Старший из них, Алексей Фёдорович, участвовал в кампаниях 1805–1807 годов. За отличие в битве при Аустерлице был награждён золотой саблей «За храбрость» и орденом Святой Анны. В Бородинском сражении под ним убили лошадь, и он остался пешим среди неприятельской конницы. Польские уланы семь раз ударили его пиками, но он, отбиваясь палашом, сумел устоять на ногах, пока его не отбили свои. Отважно воевал он и во время Заграничного похода русской армии.
Его младший брат, Михаил Фёдорович Орлов, уже в семнадцать лет участвовал в битве при Аустерлице, в той атаке кавалергардов, которую обессмертил Толстой в «Войне и мире». В начале Отечественной войны гвардейский поручик Орлов под прикрытием дипломатического поручения отправляется в тыл французской армии с разведывательным заданием, которое выполняет блестяще. Основываясь на том, что увидел и понял, Михаил Орлов первым (!) предложил организовать партизанскую войну, а потом сам возглавил партизанский отряд.

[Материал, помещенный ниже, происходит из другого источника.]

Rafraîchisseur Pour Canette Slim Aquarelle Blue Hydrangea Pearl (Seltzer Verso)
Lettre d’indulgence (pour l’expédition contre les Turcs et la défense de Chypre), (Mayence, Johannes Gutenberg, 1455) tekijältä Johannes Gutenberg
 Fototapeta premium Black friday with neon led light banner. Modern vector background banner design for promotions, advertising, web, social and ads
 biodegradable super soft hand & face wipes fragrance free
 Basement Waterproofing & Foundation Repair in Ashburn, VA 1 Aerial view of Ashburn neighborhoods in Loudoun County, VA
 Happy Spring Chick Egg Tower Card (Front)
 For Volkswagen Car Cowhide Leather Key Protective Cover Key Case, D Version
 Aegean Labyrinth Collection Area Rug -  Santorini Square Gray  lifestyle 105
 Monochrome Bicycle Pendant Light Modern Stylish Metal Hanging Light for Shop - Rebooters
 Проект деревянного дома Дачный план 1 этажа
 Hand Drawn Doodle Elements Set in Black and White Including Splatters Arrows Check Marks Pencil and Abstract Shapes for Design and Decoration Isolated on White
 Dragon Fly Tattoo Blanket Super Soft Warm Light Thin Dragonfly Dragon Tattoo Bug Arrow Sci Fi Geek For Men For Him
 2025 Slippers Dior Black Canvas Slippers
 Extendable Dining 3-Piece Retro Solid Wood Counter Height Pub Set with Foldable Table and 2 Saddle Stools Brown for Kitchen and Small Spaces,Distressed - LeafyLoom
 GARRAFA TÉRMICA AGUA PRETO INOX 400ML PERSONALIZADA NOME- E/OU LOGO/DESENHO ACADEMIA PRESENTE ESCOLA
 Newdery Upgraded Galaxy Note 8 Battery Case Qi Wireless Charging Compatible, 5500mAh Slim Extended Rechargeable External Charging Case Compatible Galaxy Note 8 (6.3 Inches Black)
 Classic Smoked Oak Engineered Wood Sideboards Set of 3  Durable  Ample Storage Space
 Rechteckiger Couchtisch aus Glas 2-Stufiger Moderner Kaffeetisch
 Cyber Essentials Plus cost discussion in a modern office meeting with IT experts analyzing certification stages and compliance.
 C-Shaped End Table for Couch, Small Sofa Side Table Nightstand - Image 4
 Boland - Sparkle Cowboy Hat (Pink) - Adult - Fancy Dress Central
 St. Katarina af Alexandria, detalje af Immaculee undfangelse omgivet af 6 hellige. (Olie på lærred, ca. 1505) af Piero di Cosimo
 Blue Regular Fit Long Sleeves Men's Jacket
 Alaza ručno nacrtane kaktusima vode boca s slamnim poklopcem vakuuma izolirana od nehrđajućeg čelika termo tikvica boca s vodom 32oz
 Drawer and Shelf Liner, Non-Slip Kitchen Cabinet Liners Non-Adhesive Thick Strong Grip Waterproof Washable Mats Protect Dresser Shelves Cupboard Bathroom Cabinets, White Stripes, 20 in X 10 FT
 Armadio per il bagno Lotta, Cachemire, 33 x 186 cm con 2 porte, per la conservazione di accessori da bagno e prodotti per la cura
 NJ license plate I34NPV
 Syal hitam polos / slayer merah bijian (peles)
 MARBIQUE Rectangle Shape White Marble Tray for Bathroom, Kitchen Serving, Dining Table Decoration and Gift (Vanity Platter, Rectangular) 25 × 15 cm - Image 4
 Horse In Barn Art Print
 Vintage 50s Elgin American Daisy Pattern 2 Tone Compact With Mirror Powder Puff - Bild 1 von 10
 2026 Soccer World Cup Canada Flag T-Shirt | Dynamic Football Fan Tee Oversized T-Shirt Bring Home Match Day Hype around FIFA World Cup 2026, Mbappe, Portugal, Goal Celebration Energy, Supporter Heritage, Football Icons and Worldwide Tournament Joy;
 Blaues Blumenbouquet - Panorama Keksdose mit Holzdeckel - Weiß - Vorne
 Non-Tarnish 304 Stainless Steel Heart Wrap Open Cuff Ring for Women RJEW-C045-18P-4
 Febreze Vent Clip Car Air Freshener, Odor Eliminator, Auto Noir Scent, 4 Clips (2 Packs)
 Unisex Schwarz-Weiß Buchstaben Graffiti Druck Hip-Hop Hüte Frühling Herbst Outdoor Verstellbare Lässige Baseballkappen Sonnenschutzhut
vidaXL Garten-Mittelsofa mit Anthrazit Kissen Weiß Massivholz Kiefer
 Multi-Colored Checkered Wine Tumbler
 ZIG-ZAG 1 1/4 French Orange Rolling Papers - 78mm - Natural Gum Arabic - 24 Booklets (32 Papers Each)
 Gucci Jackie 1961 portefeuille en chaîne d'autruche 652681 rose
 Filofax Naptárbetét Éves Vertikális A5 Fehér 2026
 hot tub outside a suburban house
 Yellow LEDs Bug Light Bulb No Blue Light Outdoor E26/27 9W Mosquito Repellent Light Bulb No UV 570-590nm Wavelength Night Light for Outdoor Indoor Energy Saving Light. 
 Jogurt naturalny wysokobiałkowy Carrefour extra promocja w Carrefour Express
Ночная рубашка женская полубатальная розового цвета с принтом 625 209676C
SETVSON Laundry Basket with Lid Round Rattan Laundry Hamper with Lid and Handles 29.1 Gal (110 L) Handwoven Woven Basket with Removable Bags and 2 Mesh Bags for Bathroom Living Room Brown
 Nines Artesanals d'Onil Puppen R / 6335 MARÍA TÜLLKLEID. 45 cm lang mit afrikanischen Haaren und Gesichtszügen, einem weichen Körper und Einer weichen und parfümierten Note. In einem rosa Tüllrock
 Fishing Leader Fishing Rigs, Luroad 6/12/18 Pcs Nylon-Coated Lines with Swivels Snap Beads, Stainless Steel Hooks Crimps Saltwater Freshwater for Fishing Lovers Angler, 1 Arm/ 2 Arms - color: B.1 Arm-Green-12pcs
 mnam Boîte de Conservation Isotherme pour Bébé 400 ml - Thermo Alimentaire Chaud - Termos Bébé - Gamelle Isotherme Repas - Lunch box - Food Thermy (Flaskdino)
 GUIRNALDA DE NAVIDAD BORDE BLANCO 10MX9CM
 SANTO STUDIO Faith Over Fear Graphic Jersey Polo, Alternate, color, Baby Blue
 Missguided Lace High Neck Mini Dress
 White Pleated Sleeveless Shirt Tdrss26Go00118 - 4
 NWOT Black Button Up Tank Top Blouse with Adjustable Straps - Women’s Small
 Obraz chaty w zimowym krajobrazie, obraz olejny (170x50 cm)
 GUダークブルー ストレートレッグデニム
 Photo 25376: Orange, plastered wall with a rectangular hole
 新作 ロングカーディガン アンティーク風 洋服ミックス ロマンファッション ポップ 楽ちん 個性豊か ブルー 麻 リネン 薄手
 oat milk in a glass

Принимал участие в большинстве крупных сражений русской армии. В 1814 году (ему всего двадцать шесть лет) подписал от имени союзного командования акт о капитуляции Парижа и получил чин генерал-майора.
Военная карьера братьев Орловых не даёт ни малейшего повода усомниться в их патриотизме. Но как по-разному понимают они любовь к Отечеству! Алексей – преданный слуга императора Александра, а потом и Николая, убеждённый монархист. Для Михаила пребывание за границей не прошло бесследно, он вернулся в Россию, охваченный жаждой общественной деятельности на пользу родине. Вскоре по возвращении он составил адрес царю об уничтожении крепостного права. Адрес, естественно, никаких последствий не возымел, кроме разве того, что отношение императора к недавнему любимцу заметно ухудшилось.
Но Михаила это не образумило: он не может смириться с порядками, которые царят в стране и в армии. Введение конституции, уничтожение крепостного права кажутся ему не только обязательными, но всего лишь первыми шагами в переустройстве России. Начал с того, что окружил себя группой помощников, готовых усердно проводить в жизнь его программу, устроил в частях, которыми командовал, школы грамоты с весьма обширной программой; решительно запретил применять к провинившимся солдатам телесное наказание и строго преследовал офицеров, нарушавших запрет.
Михаил Фёдорович возглавил кишинёвскую организацию декабристов. На московском съезде в январе 1821 года выдвинул программу решительных действий не только против Александра I, но против самодержавия как такового. Программа была слишком радикальна, а большинство участников съезда не были готовы пролить хоть каплю крови…
В феврале 1822 года генерал Орлов был отстранён от командования дивизией. Тем не менее декабристы по-прежнему предполагали поставить его во главе готовящегося восстания. Участвовать в событиях на Сенатской площади опальный генерал физически не мог: был в Москве, да и отошёл от активной деятельности по настоянию своего тестя Николая Николаевича Раевского, который, разделяя многие взгляды декабристов, был убеждён в бессмысленности их действий.
В декабре 1825 года героя Отечественной войны арестовали. Принято считать, что Михаила Фёдоровича строго не наказали (хотя можно ли строго карать не за действия, а всего лишь за умысел?) благодаря заступничеству могущественного брата. Вполне вероятно. Но можно предположить и другое: среди арестованных он был самым прославленным, армия его обожала. Не исключено, что Николай I просто не решился с ним расправиться, боясь новых волнений. Наказание было ограничено шестью месяцами заключения в Петропавловской крепости и высылкой в отдалённое имение.